What you have to do - Produce again, without any change, the lines running from the one with "Army green chest and back" through the final line of the data below, and only those.

Task data below:

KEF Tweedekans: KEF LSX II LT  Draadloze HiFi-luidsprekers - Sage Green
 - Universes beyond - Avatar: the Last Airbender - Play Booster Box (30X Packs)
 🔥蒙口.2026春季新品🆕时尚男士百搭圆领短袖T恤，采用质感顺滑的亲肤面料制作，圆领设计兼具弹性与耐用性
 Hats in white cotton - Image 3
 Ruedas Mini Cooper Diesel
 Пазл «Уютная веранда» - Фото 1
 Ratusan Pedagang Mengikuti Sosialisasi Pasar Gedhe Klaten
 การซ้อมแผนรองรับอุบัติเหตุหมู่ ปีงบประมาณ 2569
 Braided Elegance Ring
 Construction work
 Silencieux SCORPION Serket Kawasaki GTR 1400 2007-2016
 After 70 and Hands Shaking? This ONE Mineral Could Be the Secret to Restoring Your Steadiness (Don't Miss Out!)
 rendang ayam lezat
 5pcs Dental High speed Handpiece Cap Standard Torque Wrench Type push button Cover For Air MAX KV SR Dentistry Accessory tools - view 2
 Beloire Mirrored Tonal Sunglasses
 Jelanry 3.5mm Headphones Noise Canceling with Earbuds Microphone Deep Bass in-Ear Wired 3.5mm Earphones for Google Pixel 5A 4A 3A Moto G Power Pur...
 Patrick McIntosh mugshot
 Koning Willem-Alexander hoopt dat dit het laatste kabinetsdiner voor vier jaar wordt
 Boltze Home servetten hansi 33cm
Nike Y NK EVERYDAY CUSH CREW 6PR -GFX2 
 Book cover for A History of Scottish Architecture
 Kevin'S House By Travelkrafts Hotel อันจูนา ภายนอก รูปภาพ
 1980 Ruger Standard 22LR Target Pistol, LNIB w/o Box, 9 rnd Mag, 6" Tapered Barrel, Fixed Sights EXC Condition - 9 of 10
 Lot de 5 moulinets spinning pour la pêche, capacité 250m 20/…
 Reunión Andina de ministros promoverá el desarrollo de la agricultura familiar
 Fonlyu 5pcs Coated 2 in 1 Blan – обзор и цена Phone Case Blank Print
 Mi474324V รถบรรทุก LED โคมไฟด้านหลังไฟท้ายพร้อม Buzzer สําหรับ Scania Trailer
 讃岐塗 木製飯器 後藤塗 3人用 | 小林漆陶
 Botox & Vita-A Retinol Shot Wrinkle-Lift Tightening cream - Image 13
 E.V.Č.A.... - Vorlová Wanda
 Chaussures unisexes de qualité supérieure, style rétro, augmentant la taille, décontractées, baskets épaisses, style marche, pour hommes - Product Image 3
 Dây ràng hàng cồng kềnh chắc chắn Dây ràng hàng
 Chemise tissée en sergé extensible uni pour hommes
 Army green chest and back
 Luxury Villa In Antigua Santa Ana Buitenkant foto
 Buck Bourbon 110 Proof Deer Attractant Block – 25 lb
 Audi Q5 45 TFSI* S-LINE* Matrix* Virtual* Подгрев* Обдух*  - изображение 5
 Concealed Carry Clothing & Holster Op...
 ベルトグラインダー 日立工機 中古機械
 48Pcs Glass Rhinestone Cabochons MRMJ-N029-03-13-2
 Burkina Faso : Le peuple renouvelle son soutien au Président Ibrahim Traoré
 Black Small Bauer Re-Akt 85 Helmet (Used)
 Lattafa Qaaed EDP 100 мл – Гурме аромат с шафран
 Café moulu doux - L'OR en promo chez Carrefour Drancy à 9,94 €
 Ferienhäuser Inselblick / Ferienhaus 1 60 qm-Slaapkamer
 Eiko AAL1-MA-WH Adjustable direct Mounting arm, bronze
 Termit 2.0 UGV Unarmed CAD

End of Task data.

Answer to this exercise -
 Army green chest and back
 Luxury Villa In Antigua Santa Ana Buitenkant foto
 Buck Bourbon 110 Proof Deer Attractant Block – 25 lb
 Audi Q5 45 TFSI* S-LINE* Matrix* Virtual* Подгрев* Обдух*  - изображение 5
 Concealed Carry Clothing & Holster Op...
 ベルトグラインダー 日立工機 中古機械
 48Pcs Glass Rhinestone Cabochons MRMJ-N029-03-13-2
 Burkina Faso : Le peuple renouvelle son soutien au Président Ibrahim Traoré
 Black Small Bauer Re-Akt 85 Helmet (Used)
 Lattafa Qaaed EDP 100 мл – Гурме аромат с шафран
 Café moulu doux - L'OR en promo chez Carrefour Drancy à 9,94 €
 Ferienhäuser Inselblick / Ferienhaus 1 60 qm-Slaapkamer
 Eiko AAL1-MA-WH Adjustable direct Mounting arm, bronze
 Termit 2.0 UGV Unarmed CAD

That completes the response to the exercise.